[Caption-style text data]
········
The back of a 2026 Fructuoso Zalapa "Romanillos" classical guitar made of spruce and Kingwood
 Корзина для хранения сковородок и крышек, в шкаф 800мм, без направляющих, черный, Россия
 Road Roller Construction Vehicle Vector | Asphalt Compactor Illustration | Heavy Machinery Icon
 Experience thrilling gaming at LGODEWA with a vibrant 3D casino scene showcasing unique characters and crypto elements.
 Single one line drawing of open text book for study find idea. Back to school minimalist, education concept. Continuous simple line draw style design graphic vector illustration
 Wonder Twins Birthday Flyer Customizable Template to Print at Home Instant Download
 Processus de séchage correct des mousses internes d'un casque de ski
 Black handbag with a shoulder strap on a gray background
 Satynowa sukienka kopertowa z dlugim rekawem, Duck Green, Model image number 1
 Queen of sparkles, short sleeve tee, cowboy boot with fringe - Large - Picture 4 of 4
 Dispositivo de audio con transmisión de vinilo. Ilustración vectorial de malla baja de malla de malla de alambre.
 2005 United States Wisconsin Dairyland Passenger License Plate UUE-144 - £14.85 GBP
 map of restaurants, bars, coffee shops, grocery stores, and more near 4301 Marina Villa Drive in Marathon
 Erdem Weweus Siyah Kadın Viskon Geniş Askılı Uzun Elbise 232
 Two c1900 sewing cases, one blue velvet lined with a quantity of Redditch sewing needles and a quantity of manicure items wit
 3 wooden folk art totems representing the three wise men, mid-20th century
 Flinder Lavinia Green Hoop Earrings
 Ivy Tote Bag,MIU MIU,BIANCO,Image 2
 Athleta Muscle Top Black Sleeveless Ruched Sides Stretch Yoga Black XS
········
The data above should be returned in full, exactly as written.

* Task output:
The back of a 2026 Fructuoso Zalapa "Romanillos" classical guitar made of spruce and Kingwood
 Корзина для хранения сковородок и крышек, в шкаф 800мм, без направляющих, черный, Россия
 Road Roller Construction Vehicle Vector | Asphalt Compactor Illustration | Heavy Machinery Icon
 Experience thrilling gaming at LGODEWA with a vibrant 3D casino scene showcasing unique characters and crypto elements.
 Single one line drawing of open text book for study find idea. Back to school minimalist, education concept. Continuous simple line draw style design graphic vector illustration
 Wonder Twins Birthday Flyer Customizable Template to Print at Home Instant Download
 Processus de séchage correct des mousses internes d'un casque de ski
 Black handbag with a shoulder strap on a gray background
 Satynowa sukienka kopertowa z dlugim rekawem, Duck Green, Model image number 1
 Queen of sparkles, short sleeve tee, cowboy boot with fringe - Large - Picture 4 of 4
 Dispositivo de audio con transmisión de vinilo. Ilustración vectorial de malla baja de malla de malla de alambre.
 2005 United States Wisconsin Dairyland Passenger License Plate UUE-144 - £14.85 GBP
 map of restaurants, bars, coffee shops, grocery stores, and more near 4301 Marina Villa Drive in Marathon
 Erdem Weweus Siyah Kadın Viskon Geniş Askılı Uzun Elbise 232
 Two c1900 sewing cases, one blue velvet lined with a quantity of Redditch sewing needles and a quantity of manicure items wit
 3 wooden folk art totems representing the three wise men, mid-20th century
 Flinder Lavinia Green Hoop Earrings
 Ivy Tote Bag,MIU MIU,BIANCO,Image 2
 Athleta Muscle Top Black Sleeveless Ruched Sides Stretch Yoga Black XS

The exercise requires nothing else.